By the time Osisko drilled the first hole in March 2005, Malartic was a dying town where unemployment was so high even the local Tim Horton’s had to shut down. The Domtar saw mill was about to close and when it did, it took more than half the town’s struggling businesses with it.
Roosen and his associates went door-to-door looking for support for the project and managed to get a majority of residents on board after extensive public consultations. There was one lone holdout — a man whose property was recently expropriated by court order.
The rest eventually made financial settlements minus legal battles, with offers well above market value and with the creation of a more modern neighbourhood, 1.5 kilometres from the old one, that included a new elementary school, daycare and community centre and playground.

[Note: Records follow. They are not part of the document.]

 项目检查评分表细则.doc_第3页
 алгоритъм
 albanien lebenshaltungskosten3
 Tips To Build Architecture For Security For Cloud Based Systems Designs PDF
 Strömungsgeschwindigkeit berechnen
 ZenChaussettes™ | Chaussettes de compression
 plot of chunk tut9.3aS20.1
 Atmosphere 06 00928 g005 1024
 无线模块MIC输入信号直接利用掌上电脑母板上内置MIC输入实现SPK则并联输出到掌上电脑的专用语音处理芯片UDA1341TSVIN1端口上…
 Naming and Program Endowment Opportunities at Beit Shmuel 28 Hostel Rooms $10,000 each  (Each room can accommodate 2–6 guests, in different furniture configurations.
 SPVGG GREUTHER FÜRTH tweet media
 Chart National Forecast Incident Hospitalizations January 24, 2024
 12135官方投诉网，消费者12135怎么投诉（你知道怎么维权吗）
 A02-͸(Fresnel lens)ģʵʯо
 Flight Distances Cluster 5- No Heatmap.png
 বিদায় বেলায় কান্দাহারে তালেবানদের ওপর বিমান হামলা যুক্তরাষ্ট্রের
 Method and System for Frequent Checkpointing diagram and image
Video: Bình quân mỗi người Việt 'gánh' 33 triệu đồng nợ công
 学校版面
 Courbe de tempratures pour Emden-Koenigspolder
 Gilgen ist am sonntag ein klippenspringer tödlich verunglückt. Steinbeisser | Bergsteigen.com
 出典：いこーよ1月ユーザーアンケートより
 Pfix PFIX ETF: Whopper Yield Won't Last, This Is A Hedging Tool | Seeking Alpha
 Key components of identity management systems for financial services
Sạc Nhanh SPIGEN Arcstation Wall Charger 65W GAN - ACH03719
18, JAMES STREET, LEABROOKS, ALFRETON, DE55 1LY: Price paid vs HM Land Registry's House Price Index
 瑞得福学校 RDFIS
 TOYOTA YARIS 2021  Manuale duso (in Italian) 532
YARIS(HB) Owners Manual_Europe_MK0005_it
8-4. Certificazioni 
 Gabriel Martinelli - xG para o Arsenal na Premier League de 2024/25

“We physically picked up 142 houses and moved them. The biggest house we moved was a 4,000-square-footer. It was a very interesting process,” says Roosen.
While building the mining camp and raising capital, Osisko also built dozens of new houses in the $160 million relocation project.
At first, Osisko couldn’t get much traction in financial markets.
“The thought was the grade was too low (to be economic), that we would never move the town, that we would never get a permit, and that this was a very contrarian geological concept,” recalls Roosen.
But once he hired eight top guns in mine development from former gold miner Cambior in 2007, Roosen says, “we had a realistic shot at building this mine ourselves. It’s hard to convince the market that you can build these things, so you need credible people on board before investors are going to give you a billion dollars.”
The very determined group of veteran mining engineers and geologists was able to pull off the rare feat of seeing the project through from discovery to production. Usually a large, established producer with deep pockets takes over from a junior firm and assumes the huge expense of building the mine once the discovery and exploration work are done.
“You usually drill it off and put on the proverbial lipstick and high heels” to attract top dollar from the seniors, jokes Roosen.
“But I always knew if we didn’t build it ourselves we wouldn’t get paid for it properly. My view was that we could manage the risk of the relocation of the town better than anyone else because we were a single asset company and it was the only thing we had to do,” he explains.
And in a testament to just how aggressive the Osisko team is, the company managed to get the job done “bumper to bumper” in just six years — roughly five years faster than it normally takes to open a gold mine.
Roosen also credits the fact that the project is located in Quebec, which is renowned as one of the most mining-friendly jurisdictions in the world.
Over the last decade, gold miners have quite literally gone to great lengths to find the scarce precious metal in far-flung and politically troubled locales such as Tanzania and Kazakhstan. But they’re starting to look again in their own backyard for prospective deposits.
“Gold is having a bit of a resurgence in Canada,” says gold mining analyst Don Blyth of Paradigm Capital Inc. in Toronto.